2.2. De rechtbank heeft overwogen, samengevat weergegeven, dat belanghebbende met het door hem gevoerde beleid is gebleven binnen de grenzen van een redelijke beleidsbepaling, dat genoegzaam is gebleken dat de onder schouw gestelde sloten van belang zijn voor de water aan- en afvoer van derden die geen invloed kunnen uitoefenen op de onderhoudssituatie van die watergangen en dat bij de van het schouwslotenbestand afgevoerde sloten aangeduid als H-I, K-L en M-N geen sprake is van een situatie waarbij een derde belang heeft bij een goede water aan- en afvoer.
2.3. De Afdeling deelt het oordeel van de rechtbank dat het onderschouwstellingsbeleid op zichzelf niet onredelijk is.

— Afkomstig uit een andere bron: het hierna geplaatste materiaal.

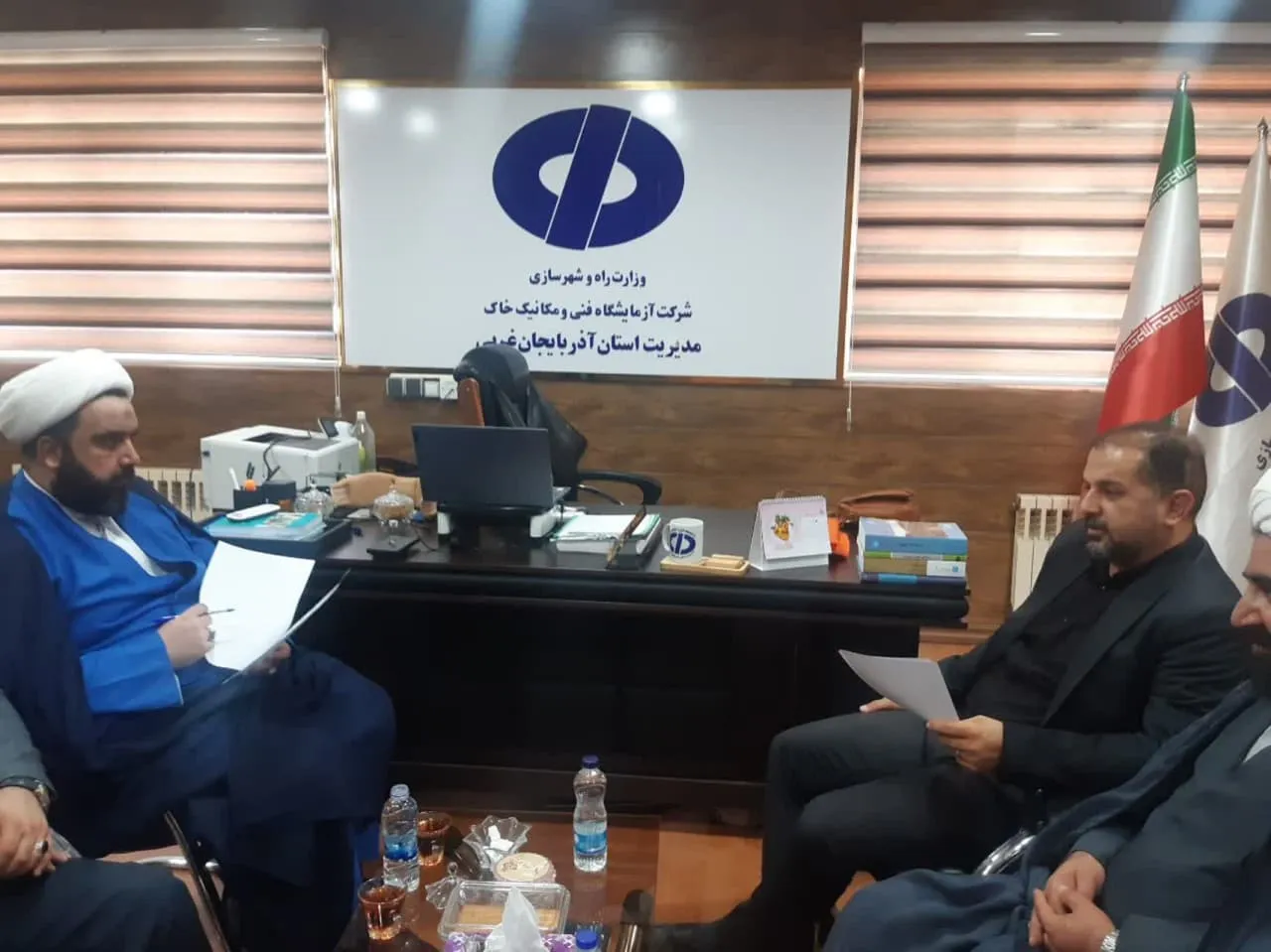 تفاهم نامه بومی سازی شرکت آزمایشگاه فنی و مکانیک خاک آذربایجان غربی به امضا رسید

2.4. Met betrekking tot de door appellant in hoger beroep herhaalde stelling dat door verschillende van het bestand afgevoerde sloten wel degelijk water van derden stroomt, onderschrijft de Afdeling eveneens het oordeel van de rechtbank. Belanghebbende heeft ter zitting aan de hand van de schouwkaart S-K11C aangetoond dat er bij genoemde sloten H-I, K-L en M-N geen sprake is van een derde-belanghebbende die belang heeft bij een goede water aan- en afvoer en die geen invloed kan uitoefenen op de onderhoudssituatie van de desbetreffende watergang. De Afdeling kan dan ook tot geen andere conclusie komen dan dat deze watergangen in overeenstemming met het gewijzigde beleid terecht niet meer als schouwsloot zijn aangemerkt.
2.5. Voorzover appellant zich beroept op een eerder, van de zijde van het waterschap Het Koningsdiep als rechtsvoorganger van belanghebbende, gedane toezegging dat de desbetreffende sloten onder schouw zouden blijven, overweegt de Afdeling dat, indien er al sprake zou zijn geweest van een toezegging, dit belanghebbende niet verhindert het beleid met betrekking tot de onderschouwstelling te wijzigen, hetgeen ertoe kan leiden dat na afweging van alle betrokken belangen eerder gedane toezeggingen onder het nieuwe beleid moeten komen te vervallen, zoals het college ook bij het bestreden besluit van 26 november 2001 heeft overwogen.
Appellant heeft geen argumenten aangevoerd op grond waarvan tot het oordeel moet worden gekomen dat van (hernieuwde) onderschouwstelling van deze watergangen niet in redelijkheid kon worden afgezien.
2.6. Het hoger beroep is ongegrond. De aangevallen uitspraak dient te worden bevestigd.
2.7. Voor een proceskostenveroordeling bestaat geen aanleiding.
De Afdeling bestuursrechtspraak van de Raad van State
Recht doende in naam der Koningin:
bevestigt de aangevallen uitspraak.
Aldus vastgesteld door mr. T.M.A. Claessens, Lid van de enkelvoudige kamer, in tegenwoordigheid van mr. R.H.L. Dallinga, ambtenaar van Staat.